But Obama doesn’t see his legacy in terms of an ideological imprint,
like Ronald Reagan’s claim that “government is the problem” or Bill
Clinton’s admonition that the “era of Big Government is over.” He says
he just wants smarter government and a set of results that he can claim
as he leaves office in early 2017: “That we had steered this ship of
state so that we once again had an economy that worked for everybody,
that we had laid the foundation for broad-based prosperity and that
internationally we had created the framework for continued American
leadership in the world throughout the 21st century.” Recent history and
current headlines suggest he will fall short of achieving all those
goals. But if he succeeds, it wouldn’t be the first time this leader
beat expectations.
Since the moment Obama arrived on the national scene in 2004, the
very idea of leadership has been under assault. Many of the old
institutions that once anchored the American Dream have been bled of
public confidence. Banks, Big Business, the news media and Congress all
polled at or near record lows during his first term. Obama himself was
the target of uncommon vitriol, but he has somehow managed to keep the
public’s faith.
To understand how he kept his job, the best place to start is where
he did. In early 2011, David Simas, a former registrar of deeds in
Taunton, Mass., who had become a senior White House aide, switched on
what might be called one of the largest listening posts in U.S. history.
For months on end, two or three nights a week, Simas and his team
secretly gathered voters in rented rooms across the swing states, eight
at a time, the men separated from the women.

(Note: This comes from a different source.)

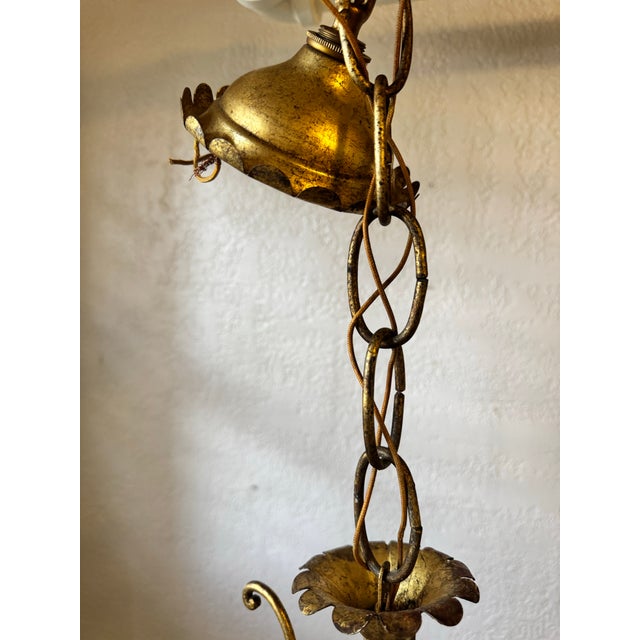 Italian Tole Vintage Chandelier With Polychrome Porcelain Flowers For Sale - Image 4 of 6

The Obamans poked at their
guinea pigs’ animal spirits, asked for confessions and played
word-association games. (Among swing voters, Democrat often elicited
Barack Obama, and Republican would yield words like old and backward.)
Live feeds of the focus groups were shown on computer screens at
campaign headquarters in Chicago. The first discovery Simas made held
the keys to the kingdom. “Here is the best thing,” he said of Obama when
he went back to home base. “People trust him.”